Duck Bonanza!

Sometimes you get lucky, and are just in the right place at the right time.  That was yesterday when I stumbled upon a huge concentration of ducks on one of the local lakes (Vadnais Reservoir).  I could hear a lot of commotion as I slowly came toward the lake shore out of the forest, and as I peeked around a big dead tree, here’s what I saw.

A mob of Ring-necked Ducks, mostly male, and a few scattered Mallards.  Within a couple of minutes, they had all moved off into the center of the lake, allowing very little time to take photos.

Yeah, that makes it tough to get interesting photos.  And this shot is WITH the telephoto.

So, I walked the edge of the lake looking for stragglers and found a few, but these Ring-necked Ducks were a skittish bunch, and took off long before they were in photo range.  Some of the take-offs made interesting photos, though; notice how much the water splashes as they take off.

More ducks flying away from me…

I think the photos above are of a male and female Ring-necked Duck, but seeing a pair was really the exception.  There were very few females anywhere, so perhaps they migrate at a different time.  Females are easily distinguished from the males as browner birds, with a white eye-ring and a grayer, rather than blue-gray bill.

The male is quite handsome with its black and white markings and golden eye, but really should be called the ring-billed duck instead of ring necked.  The faint cinnamon strip at the base of the neck is barely visible, even in good light.

These ducks are no doubt flocking up for the big migration south for the winter.  They breed from Alaska, across Canada, and in northern-most U.S. states, but leave in early fall for lakes in the southern U.S., Mexico, parts of Central America, and the Caribbean.

Ring-necked Ducks are diving ducks and catch aquatic insects, molluscs, and even small fish.  They will also feast on submerged vegetation, but yesterday, they were just floating along, enjoying the last warm fall weather, and thinking about the big trip ahead.

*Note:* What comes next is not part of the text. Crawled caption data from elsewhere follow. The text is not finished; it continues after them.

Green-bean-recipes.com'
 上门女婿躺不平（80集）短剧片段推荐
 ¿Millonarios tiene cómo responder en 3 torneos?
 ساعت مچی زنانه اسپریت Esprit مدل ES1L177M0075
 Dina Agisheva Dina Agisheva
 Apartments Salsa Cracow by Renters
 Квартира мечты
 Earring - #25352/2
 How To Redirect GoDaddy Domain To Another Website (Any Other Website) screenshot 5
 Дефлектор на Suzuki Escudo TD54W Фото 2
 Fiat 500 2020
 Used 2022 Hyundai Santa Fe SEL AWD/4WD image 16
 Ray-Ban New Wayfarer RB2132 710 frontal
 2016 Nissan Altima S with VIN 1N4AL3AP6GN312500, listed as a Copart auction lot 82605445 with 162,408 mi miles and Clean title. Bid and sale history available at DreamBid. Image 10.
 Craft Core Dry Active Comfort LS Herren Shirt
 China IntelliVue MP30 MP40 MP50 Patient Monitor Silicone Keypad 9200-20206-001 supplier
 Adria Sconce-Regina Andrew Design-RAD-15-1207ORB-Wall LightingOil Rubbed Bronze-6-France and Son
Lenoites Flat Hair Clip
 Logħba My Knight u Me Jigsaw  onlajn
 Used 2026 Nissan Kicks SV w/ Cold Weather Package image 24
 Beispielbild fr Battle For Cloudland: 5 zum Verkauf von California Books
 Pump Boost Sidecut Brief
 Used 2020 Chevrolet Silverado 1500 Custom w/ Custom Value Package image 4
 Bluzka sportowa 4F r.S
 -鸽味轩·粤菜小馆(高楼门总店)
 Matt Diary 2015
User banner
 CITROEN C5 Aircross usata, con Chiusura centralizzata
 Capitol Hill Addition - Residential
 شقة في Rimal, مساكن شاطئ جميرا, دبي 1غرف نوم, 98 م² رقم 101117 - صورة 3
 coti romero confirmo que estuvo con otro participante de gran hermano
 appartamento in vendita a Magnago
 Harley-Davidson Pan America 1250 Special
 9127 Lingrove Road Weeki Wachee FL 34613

8 thoughts on “Duck Bonanza!

  1. Great pics, once again, Sue. And I agree. I’ve never understood why they weren’t called ring-billed ducks. Makes no sense to me. I’m getting in the mood to drive over to Merritt Island to ride through BlackPoint Trail Reserve. It’s an impounded salt marsh area, with fresh water on one side, and in the winter, you can spot flocks of everything there, from wintering ducks to roseate spoonbills and everything in between. The weather has just started to cool a bit this week, and while it won’t last long, it still seems to usher in rafts of ducks like these in your photos. And avocets. I have to say I love avocets more than just about any wading birds. Do you get them in your area?

    Thanks again for such a good post.

    • Ooh, I am jealous. You’re getting all the birds coming your way. No avocets come through here. I think they are mostly western (and Florida of course — where everyone goes for the winter). I saw lots of them on California beaches and marshes.

      • We do get some good birds here in the winter. (And actually, we have pretty decent birding all year, to be honest). The down side of wintering birds is they often are not in their best plumage, including the avocet. I’ve seen loons at Merritt Island fairly often, but the don’t look anything like they do in breeding plumage, a sight I still haven’t seen. There are lots of birds in other parts of the country I’d love to see, though, that never make it here. But I’m not going to complain. Where else can you climb out of your car on a dirt dike and stand within 20 feet of a sunning alligator while you watch spoonbills, reddish egrets, and glossy ibis feeding, then drive a bit farther on to a more open area to enjoy avocets, black-necked stilts and a passing manatee? Not to mention bald eagles overhead. We have a wonderfully diverse habitat, even in the hottest months, so I’m not going to complain. Much. But I still would love to see so many other birds that don’t get here.

  2. I really like your duck bonanza photos. We’ve had mostly smaller groups of ducks (and it’s an amazing coincidence that I happened to post a couple of photos of ring-necked ducks today too). It seems that we have mainly mallards. I feel inspired to search for some more ducks tomorrow.

    • The migratory wave is moving through. Ring-necked ducks might nest here, but I’m guessing that these birds (and yours) are the ones that came from Canada.